- Born: Hatay, Turkey
- Citizenship: Turkish
- Education: National University of Mongolia
- Occupation: Businessperson

= Serdar Özyurt =

Turkish businessman

Serdar Özyurt (born 1984, Antakya, Hatay) is a Turkish businessperson active in the defense and tourism sectors. His career spans multiple industries and includes notable contributions to Turkey's defense manufacturing and international business.

== Early life and education ==
Serdar Özyurt was born in 1984 in Antakya, Hatay. He completed his primary and secondary education in Antakya. For his university studies, he went to Mongolia, enrolling in the English Sinology program at the National University of Mongolia. During this period, he began working as a contractor on projects managed by the Turkish Cooperation and Coordination Agency (TİKA) in Mongolia and Kazakhstan.

== Career in defense industry ==
In 2010, following his father's death, Özyurt returned to Turkey and decided to pursue a career in the defense industry. He officially entered the sector in 2012 and, in 2021, founded Özyurt Arms in Istanbul. The company became known for producing Turkey's first domestically manufactured Kalashnikov rifles, gaining international recognition with exports to countries such as Azerbaijan, the United States, Spain, and Saudi Arabia. Additionally, during the Second Nagorno-Karabakh War, the company supplied ammunition to meet the Azerbaijani military's needs.

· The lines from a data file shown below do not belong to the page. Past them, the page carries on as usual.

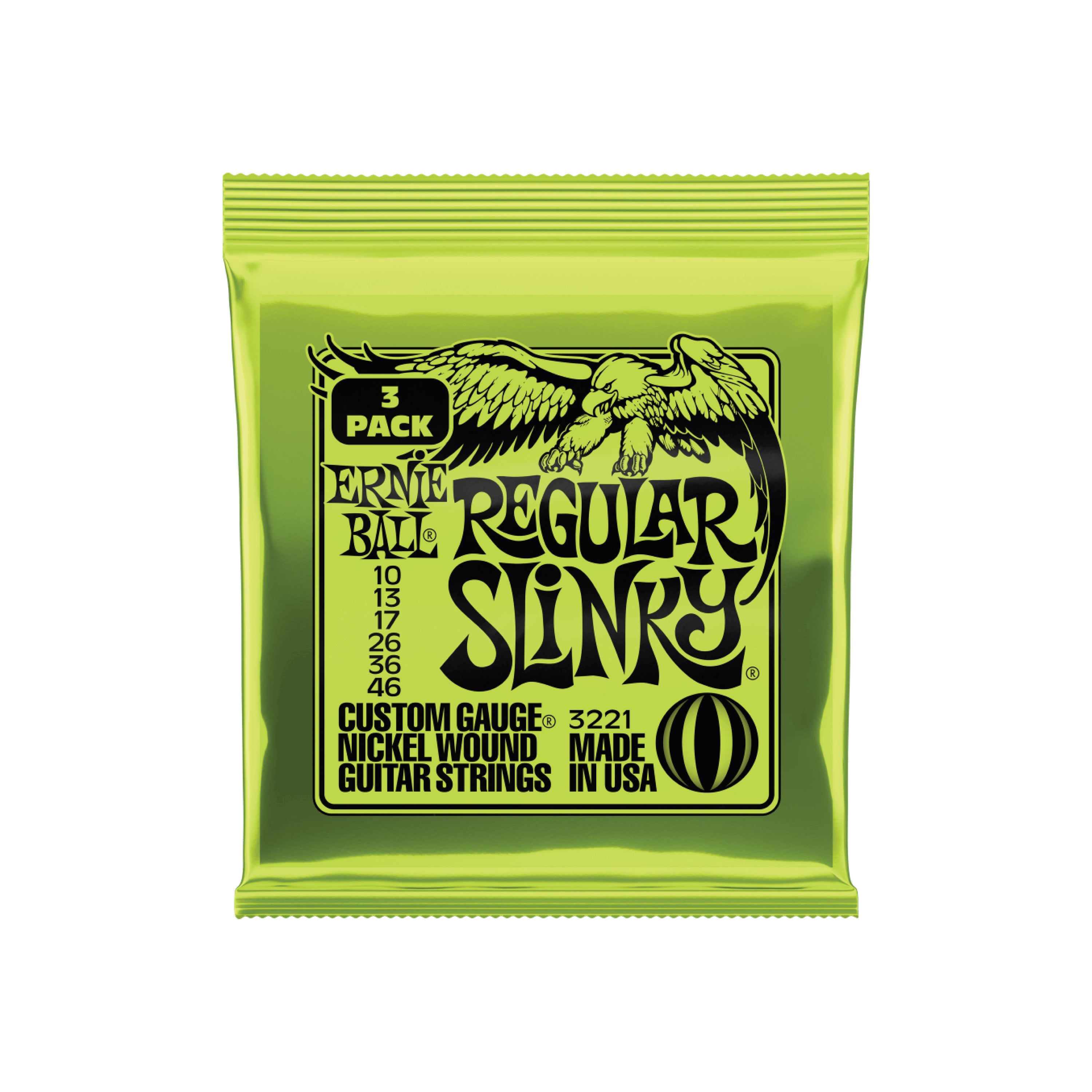 Ernie Ball, 3221, Regular Slinky Nickel Wound Electric Guitar Strings 3 Pack - 10-46 Gauge, 結他弦線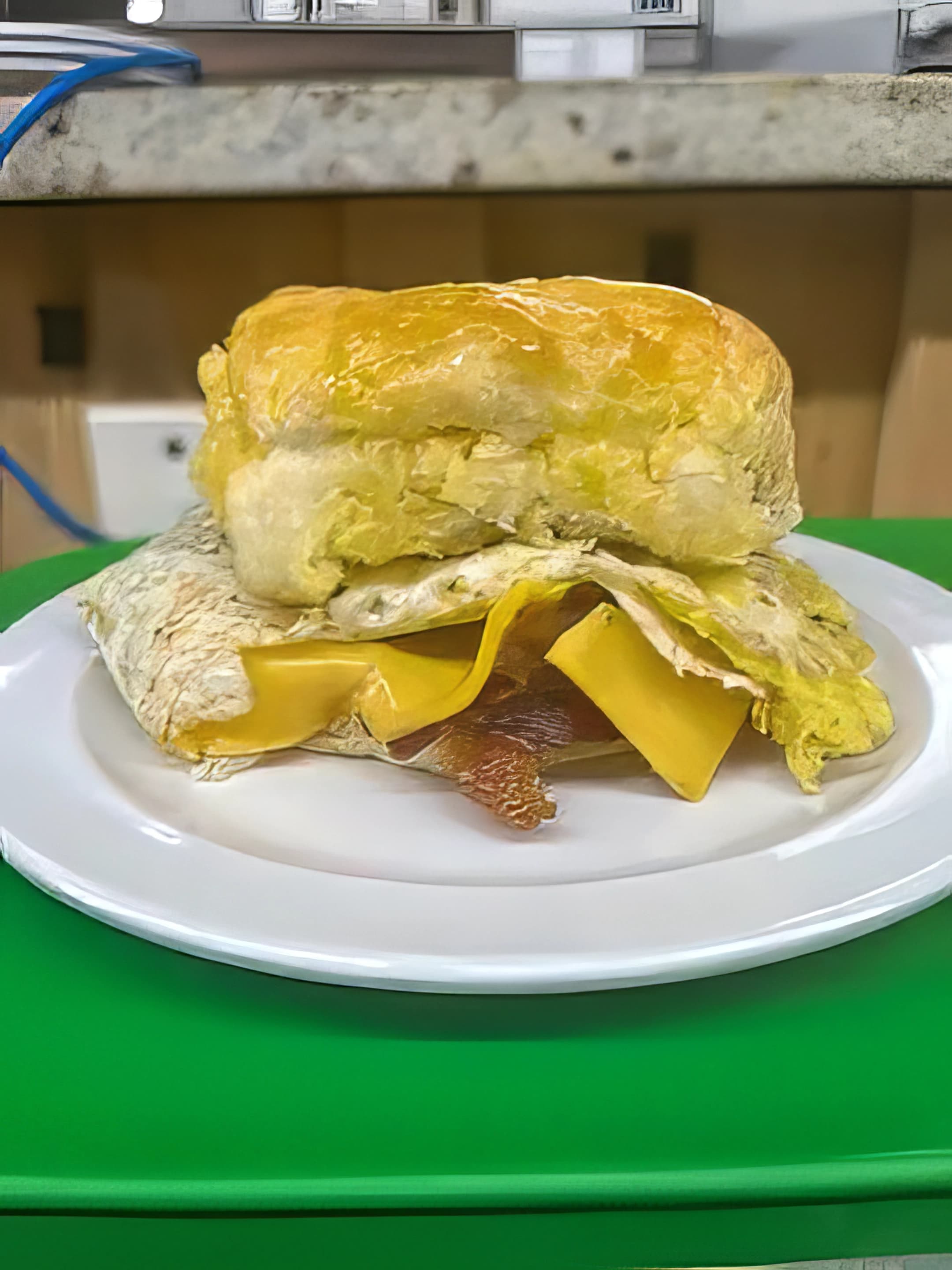 Melted cheese and ham sandwich on a thick yellow bun, served on a white plate.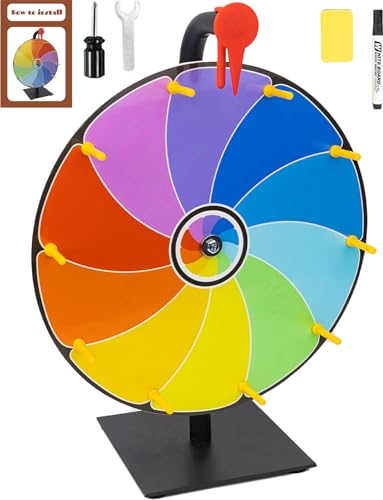 30,5 cm schweres, drehbares Preisrad – 10 Steckplätze, farbiges Roulette-Spinner des Glücks, mit trocken abwischbarem Marker und Radiergummi für Messen, Karneval, Gewinn-Spin-Spiele von CarbonMan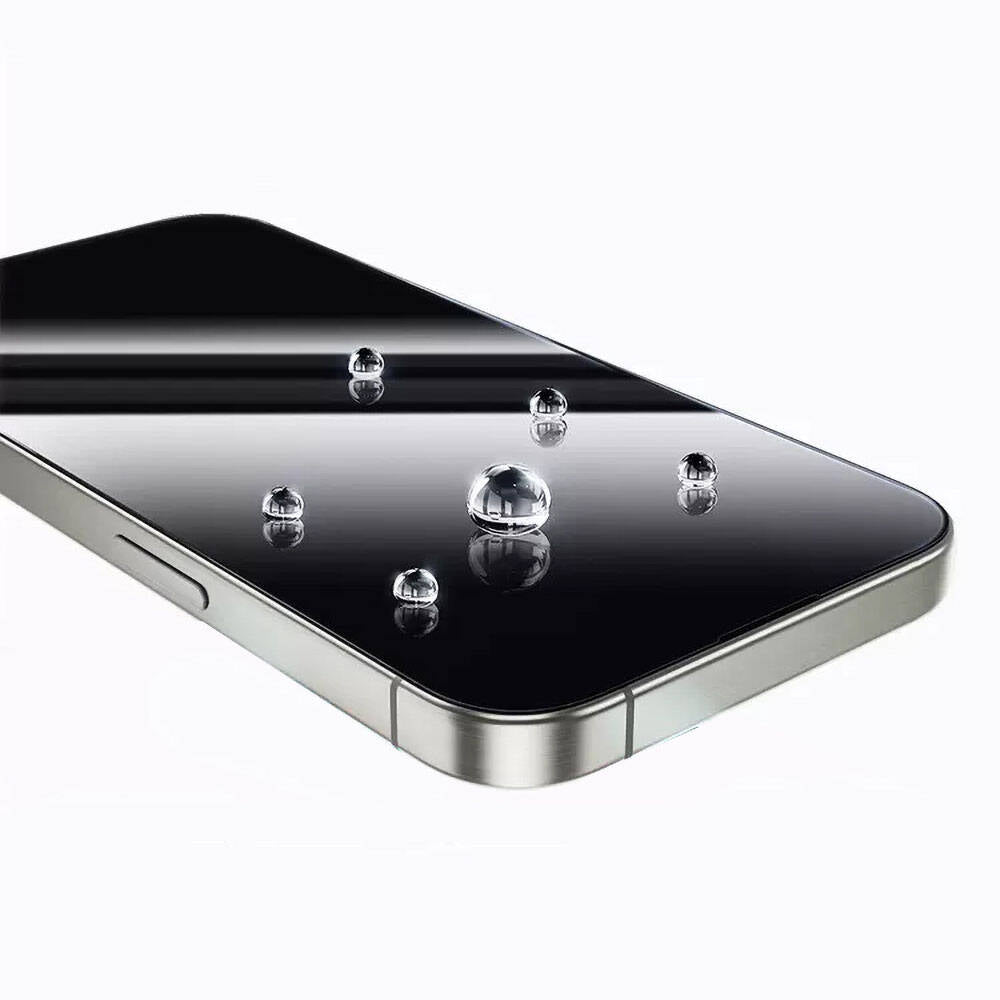iPhone 13 Wiwu GT-008 Polimer Oleofobik Kaplama Şeffaf Pürüzsüz Temperli Cam Ekran Koruyucu 10'lu Paket Siyah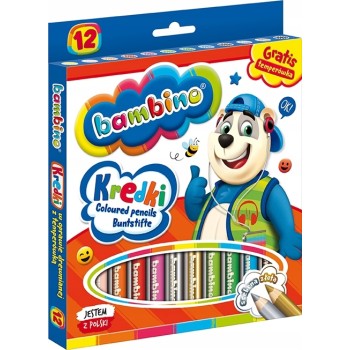 Kredki dla dzieci z glinki kaolinowej Zestaw 12 kredek + temperówka BAMBINO St.Majewski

== Expansion into tourism ==
In 2024, Özyurt expanded his business activities into the tourism industry. He purchased the Royal Stay Palace hotel in Istanbul’s Bahçelievler district, a property previously owned by Saudi businessman Mahmut Al Sakaar, and renamed it "Grand Harilton." This investment aimed to contribute to Istanbul's tourism and exhibition sectors.

== Current activities ==
Serdar Özyurt continues his involvement in both the defense and tourism sectors, serving as chairman of Özyurt Arms. He is also the chairman of the National and Domestic Industry Platform, through which he aims to support Turkey's domestic production capabilities and industrial development.